As an avid League of Legends player, I will check this dataset out often for insights. This is simply the first time of many. Today we are just going to be checking out the game results dataset, which is the one called LeagueofLegends.csv. This one will be simple to analyze, and hopefully make way for more kagglers to analyze the other datasets, and the main one, _LeagueofLegends.csv

In [None]:

library(ggplot2) # Data visualization
library(readr) # CSV file I/O, e.g. the read_csv function
library(dplyr)
system("ls ../input")

**Loading the data**
-----------------

Let's  start by loading the data! 

In [None]:
games <- read.csv('../input/LeagueofLegends.csv',stringsAsFactors=FALSE)

In [None]:
dim(games)

Let's check out the  dimension of the dataset, and observe how many rows and columns  it contains.

What does the dataset contain? Let's have a look:

In [None]:
head(games)

So here's what we have: 

**Match History**: url where the obtained data resides in.

**League**:  The region in which the match took place. These are North_America for US and Canada games, Europe for european games, LCK for Korean games, LMS for Taiwan and Hong Kong, Season World Championship is for world championship games for that season,  Mid season invitational is the mid season tournament that takes place in May, and CBLOL is the brazilian league. 

**Season**: The season in which the game took place. They are divided in Playoffs for the end season games, and Season for the regular season games. Spring season games determines Mid-Season Invitational entries, and Summer season games determine World championship entries. There are also Regional (off-season) games, Winter games( which I personally haven't seen) and International games.

**Year**: Match year.

**Blue/Red Team tag**: Team tag for each team. 

**Result**: Which team was victorious, with 1 being a win and 0 being a loss.

**Game Length** : Length of the game in minutes.

**Player Name/Champion for Position.**: There are 5 positions: Top laners (usually tanky, durable and self-sufficient characters), Junglers(Roaming characters that help all other positions and protect their own jungle/invade the enemy's jungle), Mid laners (Usually mages/assassins, heavy damage dealers and/or zone controlling characters), ADC( Long range marksman focused on dealing consistent damage or DPS), Support (support type character which focuses on protecting and assisting their team, as well as mantaining an upper hand on vision of the map.). These columns contain the name of the player of the team for a specific role in that match, as well as the name of the Champion(character) that the player was using. Almost every Champion is designed with a role or position in mind.

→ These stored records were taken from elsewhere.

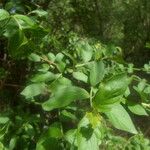Feretia apodanthera Otro
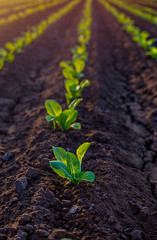 Lettuce sprouts in the field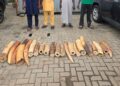 Four arrested as Customs, NESREA, WJC intercept N126.4m illegal Elephant tusks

Now let's look at the general structure of the data.

In [None]:
str(games)

Well something is strange. There are 111 unique blue team tags, but only 109 red team tags. Looks like some times have never played on the red side.

There's also teams that are duplicated, since as we can see, ahq appears twice with lowercase and uppercase letters. 

Let's find out why:

In [None]:
head(games[games$redTeamTag=='AHQ',])
head(games[games$redTeamTag=='ahq',])

It seems like in their home turf, AHQ is spelled with lowercase letters, which is not the case on International tournaments. In case this happens with other teams,  let's just rename all teams to uppercase.

In [None]:
games$blueTeamTag <- (toupper(games$blueTeamTag))
games$redTeamTag <- (toupper(games$redTeamTag))

str(games$blueTeamTag)

Well something's still not right. There's a team with no name! Let's have a look at that match.

In [None]:
games[games$blueTeamTag == "" ,]

Let's fix that match. And continue on with the visualizations.

In [None]:
games$blueTeamTag[games$blueTeamTag == ""] <- "FW"

## Data Visualizations ##

First, let's ask ourselves some questions that could be answered if the current state of our dataset(Later we can do some modifications to the dataset to find even more insights). 

What is the average game time for each League?

What teams are the slowest/fastest to end a game?

What role has the most diversity?

What are the most/least played champions?

Let's answer these questions for now.

In [None]:
str(games)

In [None]:
#Average game time for each league.

ggplot(games, aes(x=League, y=gamelength, fill = League)) +
    stat_summary(fun.y="mean",geom="bar")+
    ggtitle("Average game time for each League")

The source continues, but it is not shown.